→ Task directions
Task for the records below: please retype exactly and only the lines from the first through the one with "When you approach", with every picture omitted.

══ Input material ══

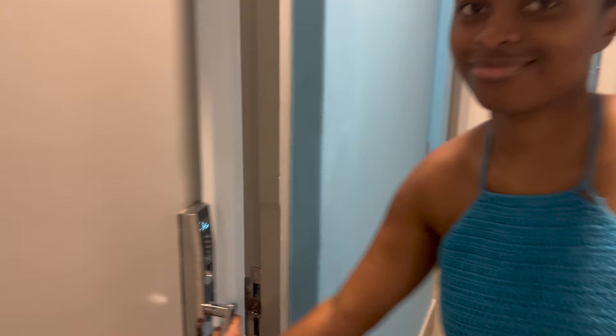At My Domain, no one uses a key to unlock - it's all about the touch ID, fingerprint, biometrics vibes.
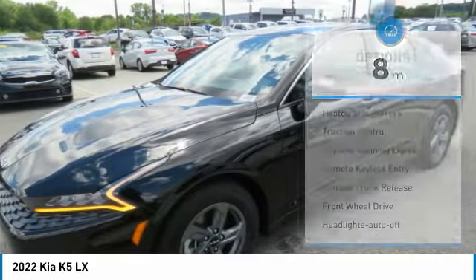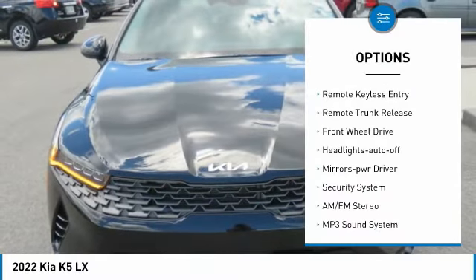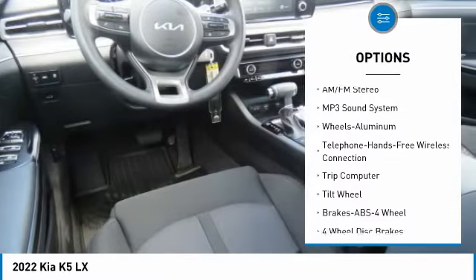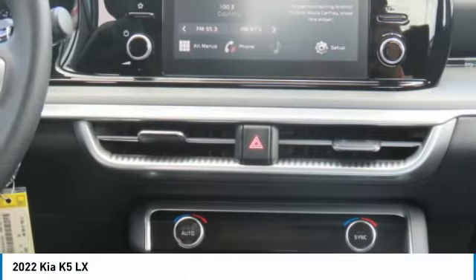Here are some of this vehicle's great options: aluminum wheels, heated side mirrors, traction control, daytime running lights, remote keyless entry, remote trunk release, FWD, headlights auto off, mirror memory, security system.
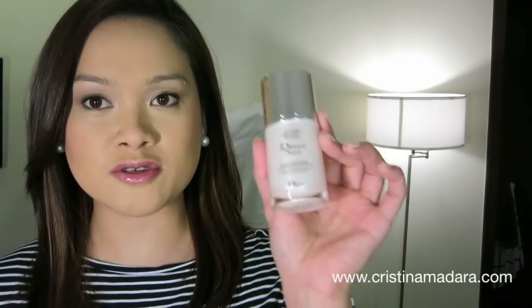Number one is the Dior Capture Total Dream Skin — worth every penny. It just perfects the complexion and somehow manages to prolong the longevity of any product even in the most extreme temperatures or weathers.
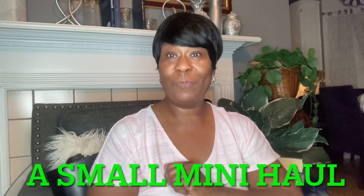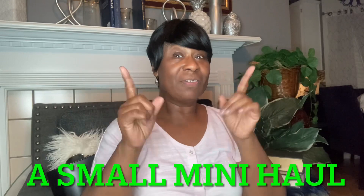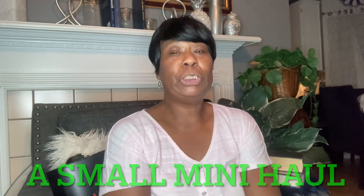Hello everybody, welcome to my channel, For the Love of Beauty. Thank you all so much for tuning in. I have a little small haul that I want to share with you all. I went to two different Goodwills today, just looking for some home decor, and I found a few but not that many, so let me go ahead and share with you all.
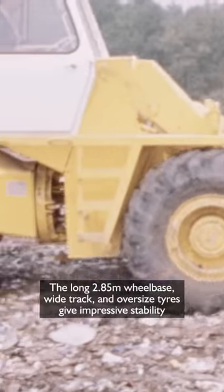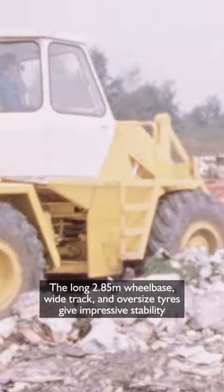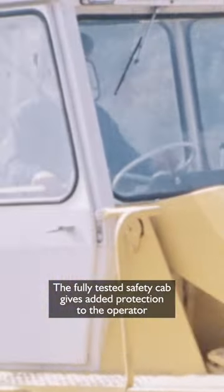The long 2.85 metre wheelbase, wide track and oversized tyres give impressive stability. The fully tested safety cab gives added protection to the operator and exceptional all-round visibility.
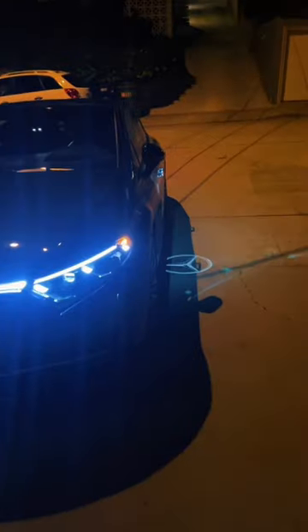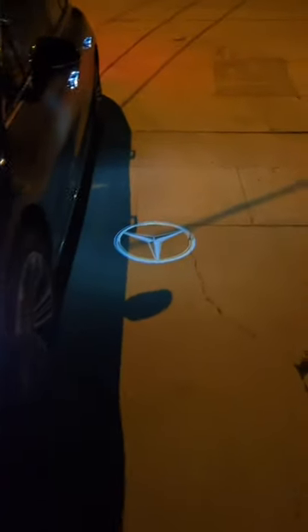When you approach the car, the door handles light up and you get a Mercedes-Benz logo for the puddle lights. Unlocking the car also causes the taillights to turn on sequentially.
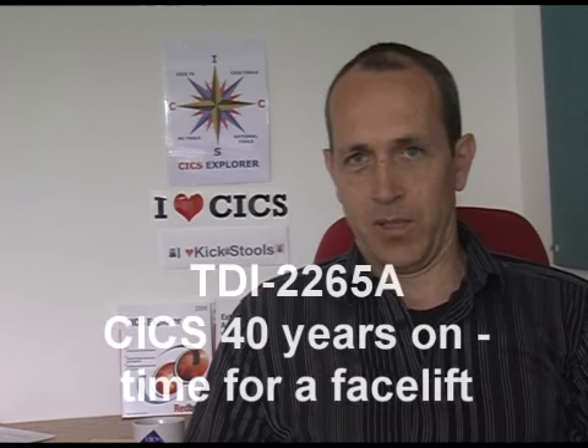The first talk I'm giving is called 'CICS 40 Years: Time for a Facelift', which is partly because CICS is 40 years old — or it may have been 40 last year; the jury's still out as to whether CICS is 40 or 41. The talk is basically about the CICS Explorer, which we're calling the new face of CICS.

═══

→ Response below
At My Domain, no one uses a key to unlock - it's all about the touch ID, fingerprint, biometrics vibes.
Here are some of this vehicle's great options: aluminum wheels, heated side mirrors, traction control, daytime running lights, remote keyless entry, remote trunk release, FWD, headlights auto off, mirror memory, security system.
Number one is the Dior Capture Total Dream Skin — worth every penny. It just perfects the complexion and somehow manages to prolong the longevity of any product even in the most extreme temperatures or weathers.
Hello everybody, welcome to my channel, For the Love of Beauty. Thank you all so much for tuning in. I have a little small haul that I want to share with you all. I went to two different Goodwills today, just looking for some home decor, and I found a few but not that many, so let me go ahead and share with you all.
The long 2.85 metre wheelbase, wide track and oversized tyres give impressive stability. The fully tested safety cab gives added protection to the operator and exceptional all-round visibility.
When you approach the car, the door handles light up and you get a Mercedes-Benz logo for the puddle lights. Unlocking the car also causes the taillights to turn on sequentially.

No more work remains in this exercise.